全財産を肌身離さず持ち歩かないと
安心できない義実家……

 最後は、モンスター度・上級(筆者独自の判断)の事例で締めたい。

「地方都市で美容院を開業している50代女性です。姑と夫、息子3人と同居していて、日中は自宅1階の美容院で働いて、それ以外の時間は食事の支度や洗濯、掃除、家事はすべて私がやっています。

 今から三十数年前、結婚して姑と同居したての頃、夜中3時に『家族の中で一番早く起きるのが嫁だ!』と起こしにこられたのには驚きましたね……。姑は私を起こした後、普通に寝ていましたが。

 この姑がひどくて、私の財布からお金を抜き取ったり、息子たちのお年玉を『貯金するから』と預かっては、自分の交際費に充てていたりと、やることがめちゃくちゃです。

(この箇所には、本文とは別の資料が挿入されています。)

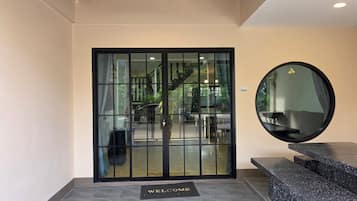 A hotel entrance with a glass door, a welcome mat, a round mirror, and a staircase leading to the upper floors.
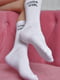 Шкарпетки високі білого кольору з написом | 6685721 | фото 2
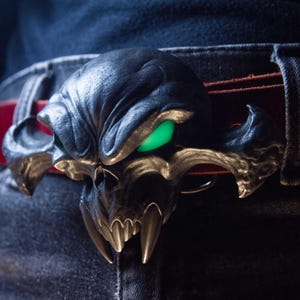 May include: A belt buckle featuring a dark, metallic, stylised skull with prominent fangs and glowing green eyes. The buckle is attached to a red leather belt, which is worn over dark denim jeans. The skull design has a textured, weathered finish.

 私の稼いだお金で自分の親族を正月に呼んで、夫(※編集注 50代女性の夫。姑の息子にあたる)も一緒になって、朝から飲めや食えやの大判振る舞いをするのも毎年恒例。厚かましい親族はただで飲み食いし、散らかして帰るだけで、息子3人の食事も残っていないくらい。

 お金にまつわるトラブルが多いので、自宅でも全財産や大事なものを入れたポシェットを肌身離さず身につけています」(50代女性)

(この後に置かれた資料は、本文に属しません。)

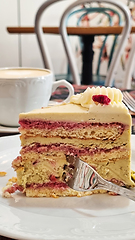 Image showing A piece of cake on a plate with a fork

 国内、いや自宅にいながらにして、自身が稼いだお金やその他財産を、常に身につけていなければ、義母に盗まれる……。治安の悪い国・地域の旅行中に匹敵するくらい危険ではないか?と思わされるトンデモ事例だ。

モンスター義父母、
私たちはどう対応すればいいのか

 今回、事例を集めるのに苦労しなかった。むしろ、事例が続々と集まってきた。結婚という制度でどうしても生まれる「新しい両親」。

 好んで関係を結ぶわけではないが、ときどき顔を合わせる必要がある◯◯そんな関係性だからこそ、どこかで誰かが無理をしている、複雑な人間関係のひとつだ。